--- Input ---

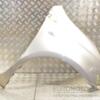 Крыло переднее правое (дефект) Nissan Note (E11) 2005-2013 F31009U0M0 262610 - 3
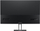 Monitor Xiaomi IPS, 24", 1920 x 1080, 100 Hz, i zi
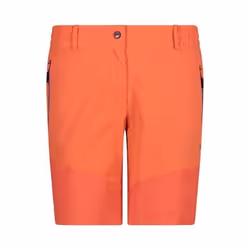 Bermuda femme CMP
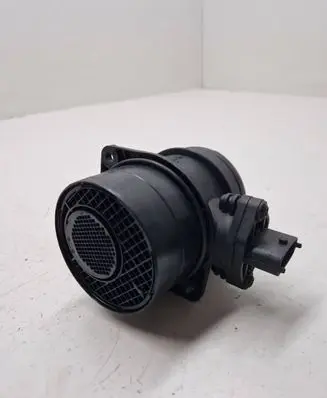 KIA Sorento Mass air flow meter 281644A000 0281002554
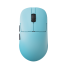 Бездротова миша Ajazz AJ159 APEX Blue (AJM159-A-BLUE)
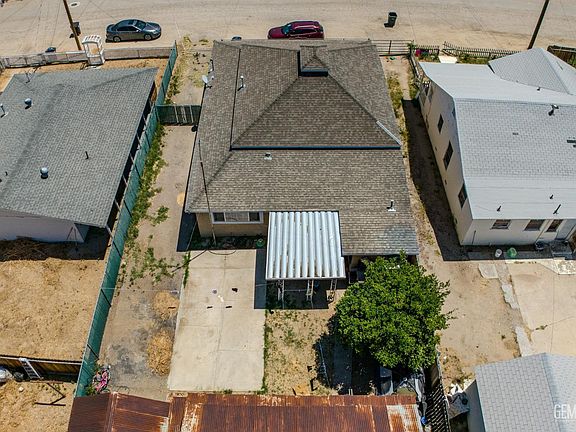 3rd image of 331 Adeline St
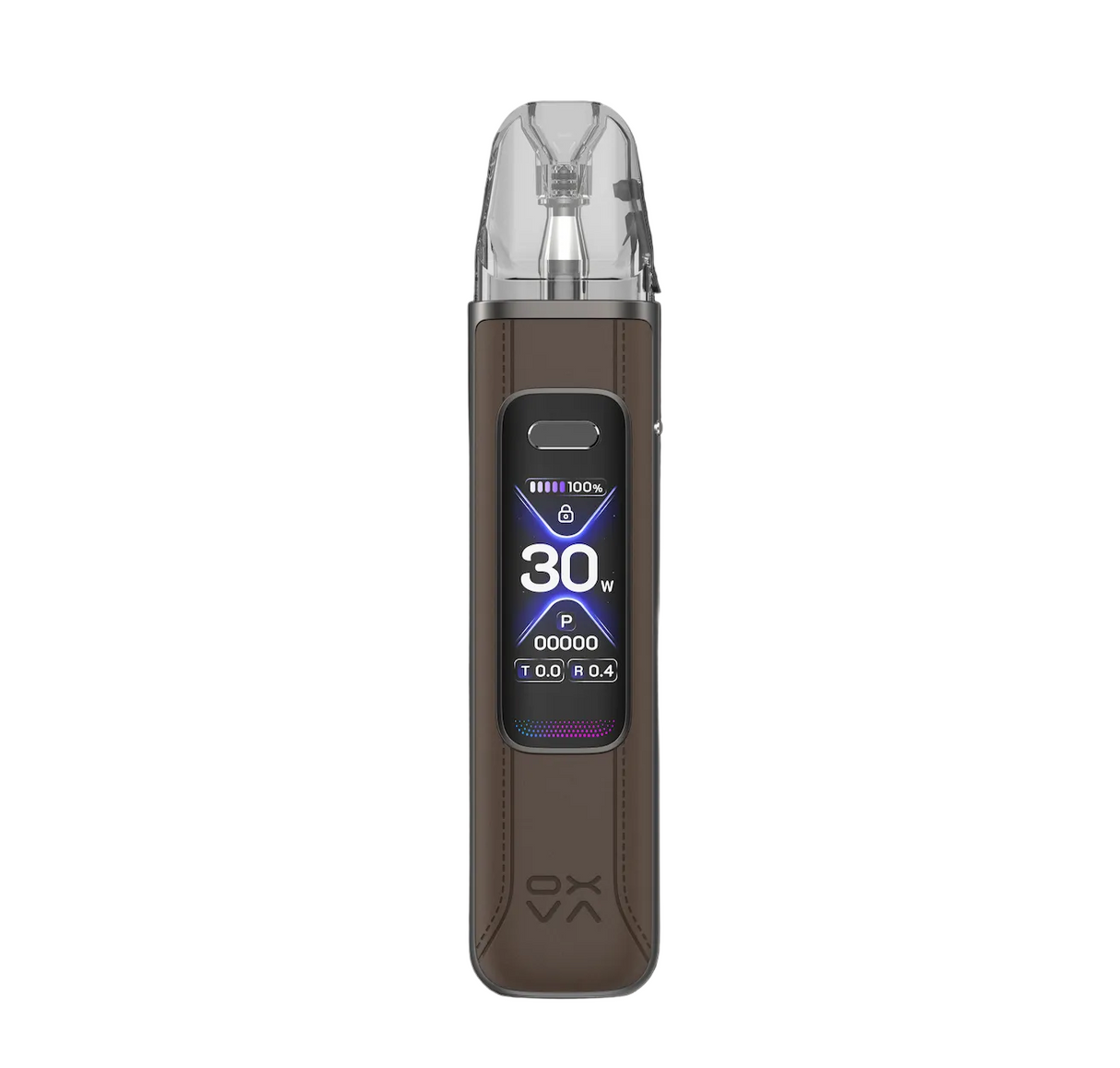 Oxva Xlim Pro 3 Kit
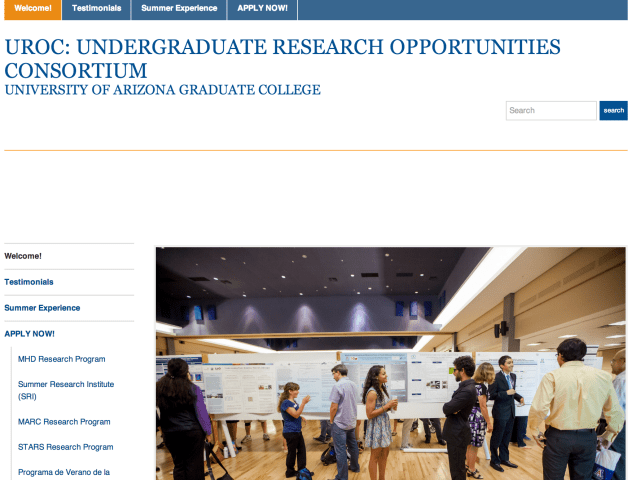 Screen Shot 2014-01-20 at 2.01.04 PM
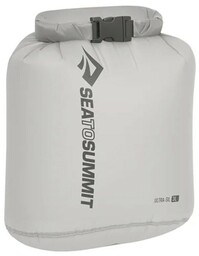 Worek wodoszczelny Sea To Summit Ultra-Sil Dry Bag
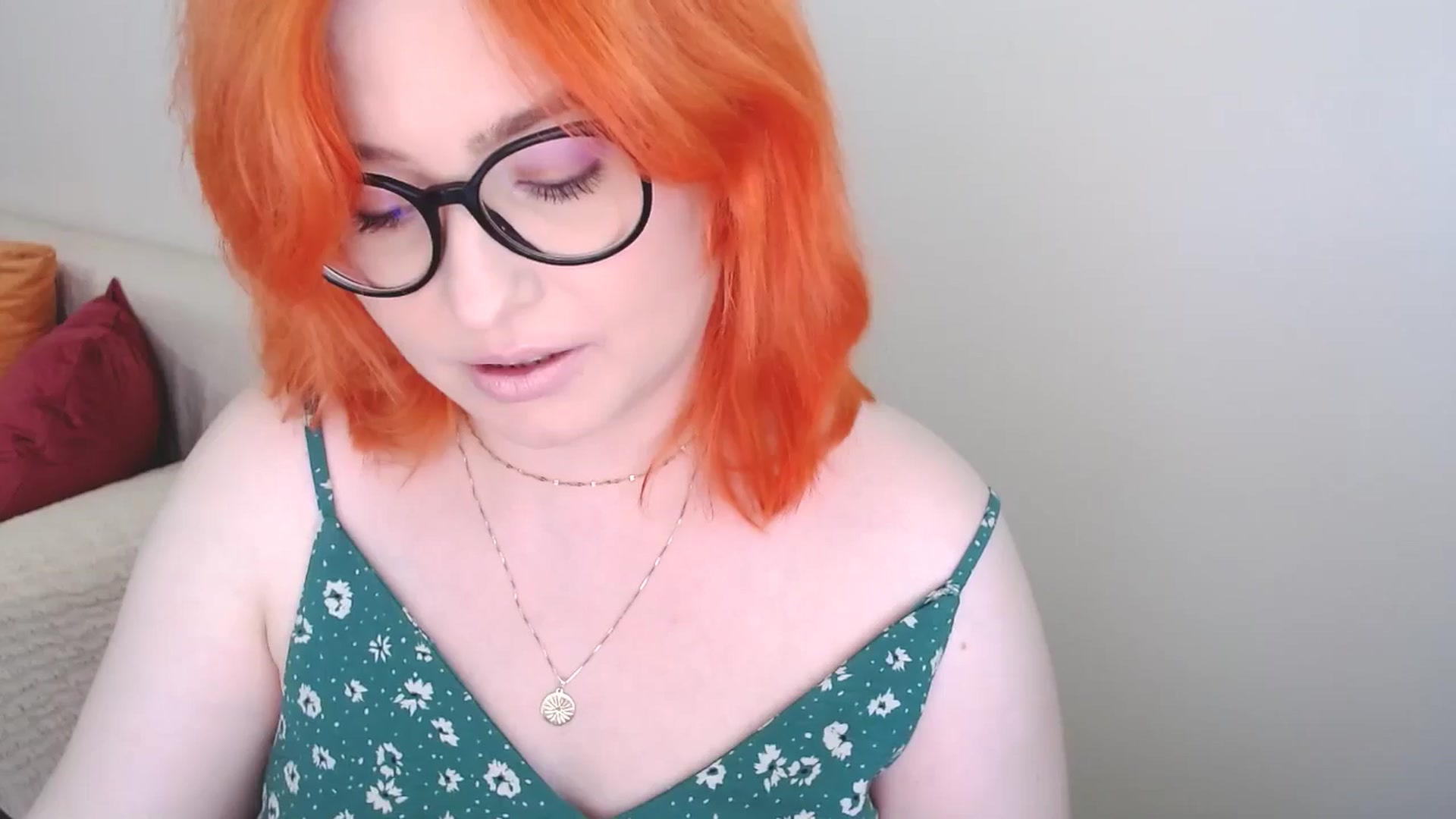 Gallery image thumbnail from EvaStar19's myfreecams stream on, 07/29/2024, 12:16 image 3 of 20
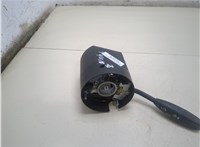 A2035450110 Переключатель поворотов и дворников (стрекоза) Mercedes CLC 2008-2011 9312210 #4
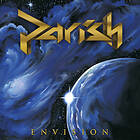Parish LP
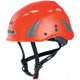 Singing Rock Kask Plasma Work - Red X0033RR00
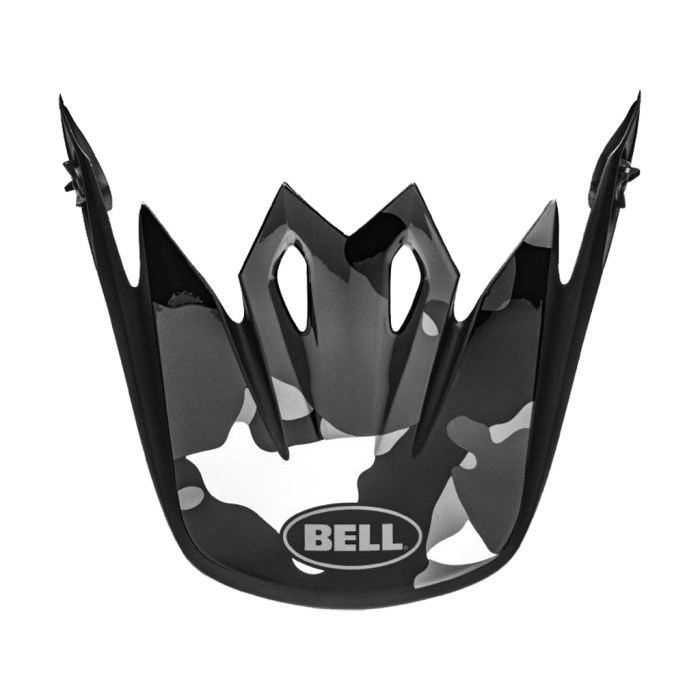 bell-helmklep-mx-9-presence-zwart-titanium-camo-1.png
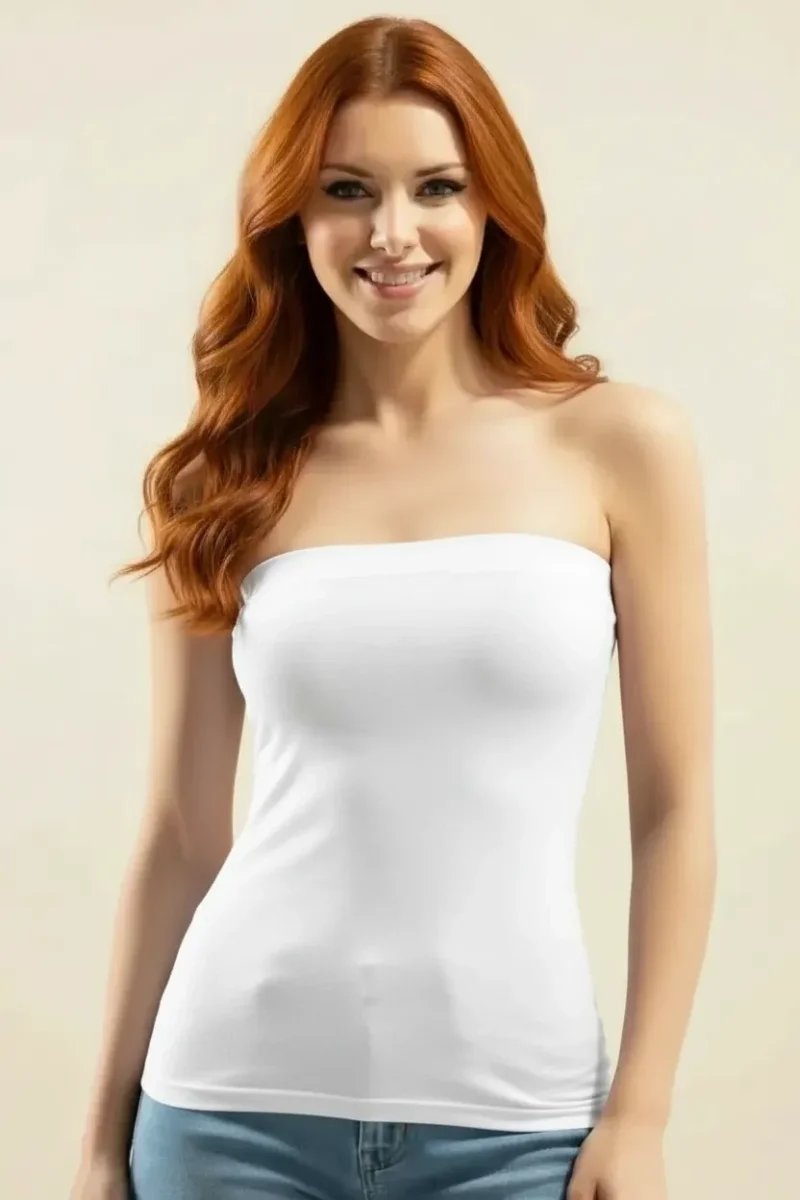 Dorya Modal Straples Badi 1077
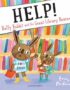 Help!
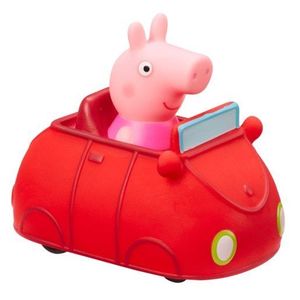 Jucarie - Peppa Pig - Buggy Car | Hasbro imagine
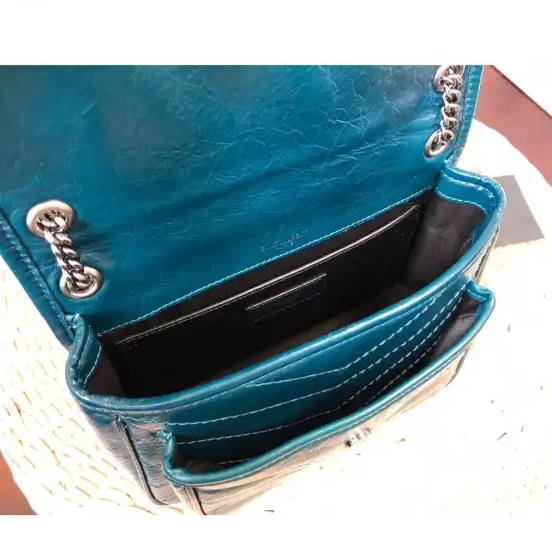 BABY YSL NIKI 0614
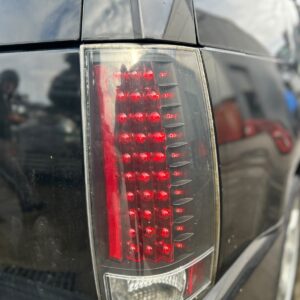 Stop Stanga/Dreapta Cadillac Escalade - An 2007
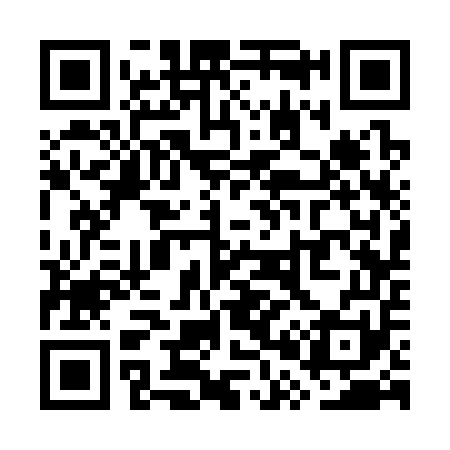 QR code for WP3351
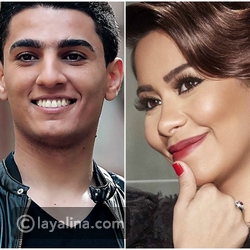 ØªØµØ±Ù Ø´ÙØ±ÙÙ Ø¹Ø¨Ø¯ Ø§ÙÙÙØ§Ø¨ ÙØ¹ ÙØ­ÙØ¯ Ø¹Ø³Ø§Ù ÙØ´Ø¹Ù Ø§ÙØ³ØªÙØ±Ø§Ù ÙØ¨Ù ÙÙØ§Ø¦Ù Ø§Ø±Ø§Ø¨ Ø§ÙØ¯ÙÙ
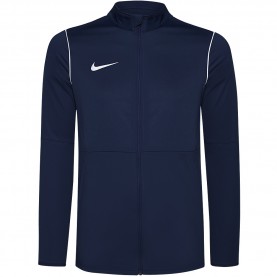 Мъжко яке Nike Dry Park Men Track Jacket мъжко,яке,мъжки,якета,nike,dry,park,men,track,jacket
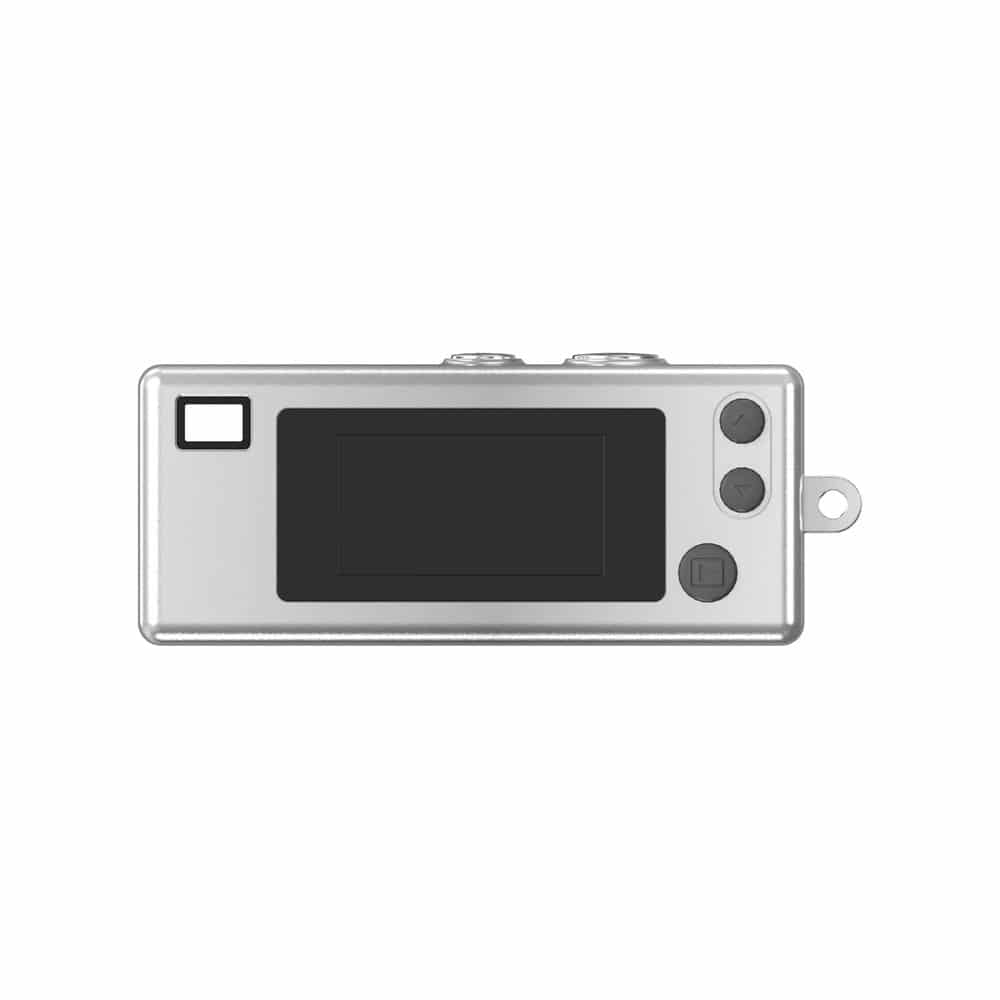 KODAK_CHARMERA_MILLENNIUM-010.jpg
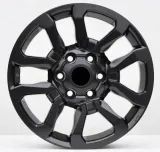 felgi-18-cadilac-escalade-liczba-felg-w-ofercie-4-szt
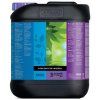 Atami B’cuzz Booster Hydro 5l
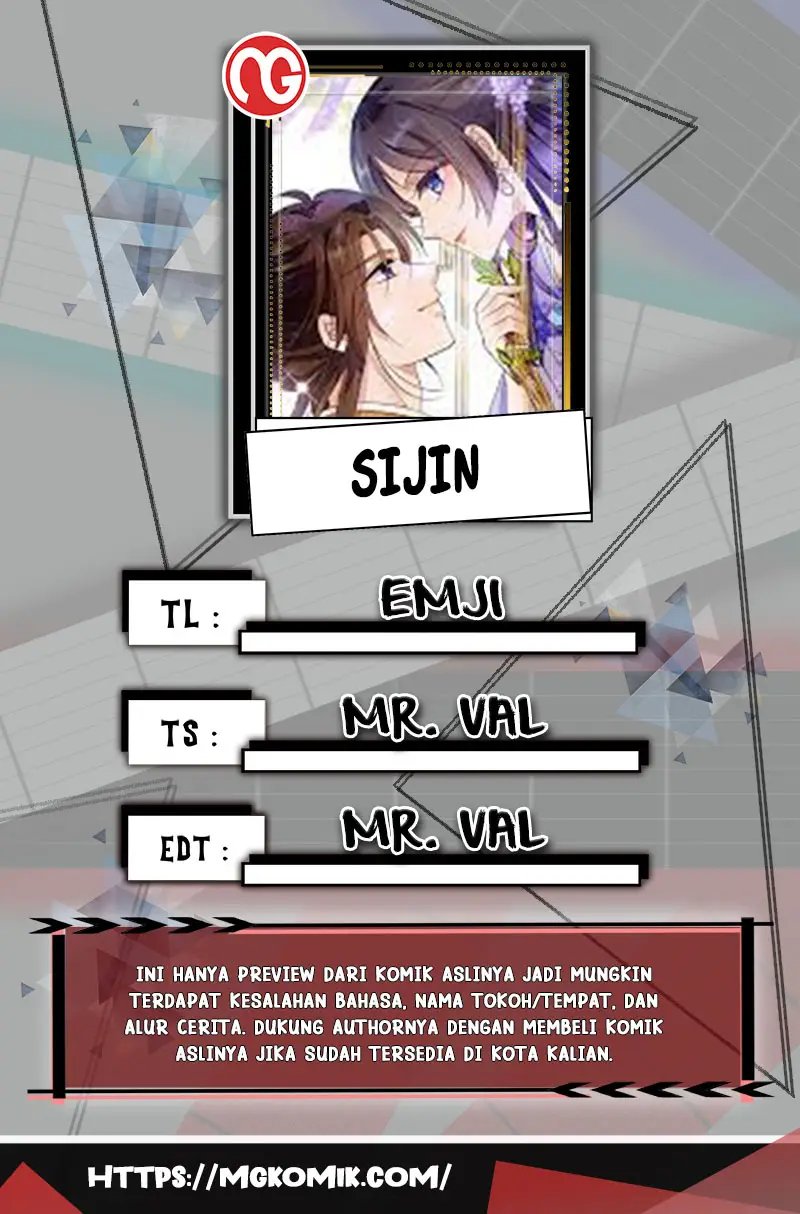 sijin - Chapter: 302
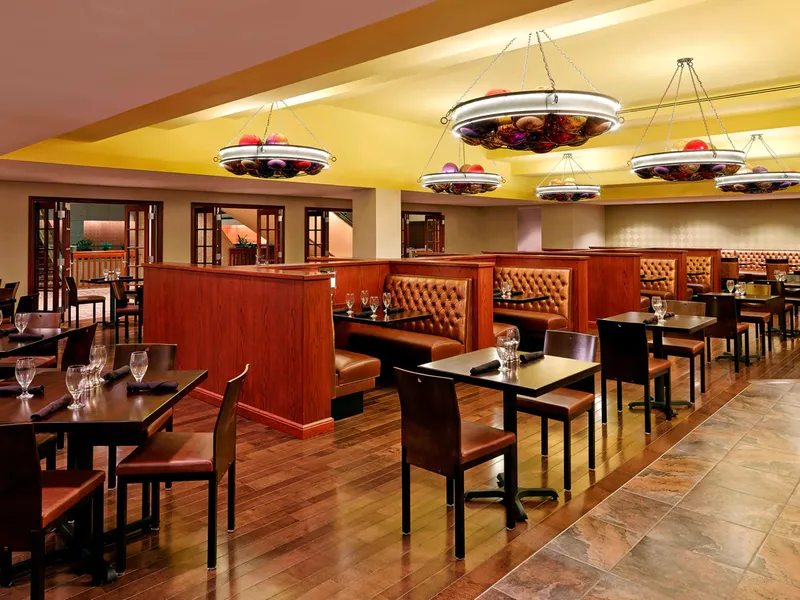 venue-image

---

- _Task item_:
"100 Hz, i zi" marks the first line to copy, and "A2035450110 Переключатель поворотов" marks the last. Repeat that stretch above exactly, with no pictures.

- _Task response_:
 Monitor Xiaomi IPS, 24", 1920 x 1080, 100 Hz, i zi
 Bermuda femme CMP
 KIA Sorento Mass air flow meter 281644A000 0281002554
 Бездротова миша Ajazz AJ159 APEX Blue (AJM159-A-BLUE)
 3rd image of 331 Adeline St
 Oxva Xlim Pro 3 Kit
 Screen Shot 2014-01-20 at 2.01.04 PM
 Worek wodoszczelny Sea To Summit Ultra-Sil Dry Bag
 Gallery image thumbnail from EvaStar19's myfreecams stream on, 07/29/2024, 12:16 image 3 of 20
 A2035450110 Переключатель поворотов и дворников (стрекоза) Mercedes CLC 2008-2011 9312210 #4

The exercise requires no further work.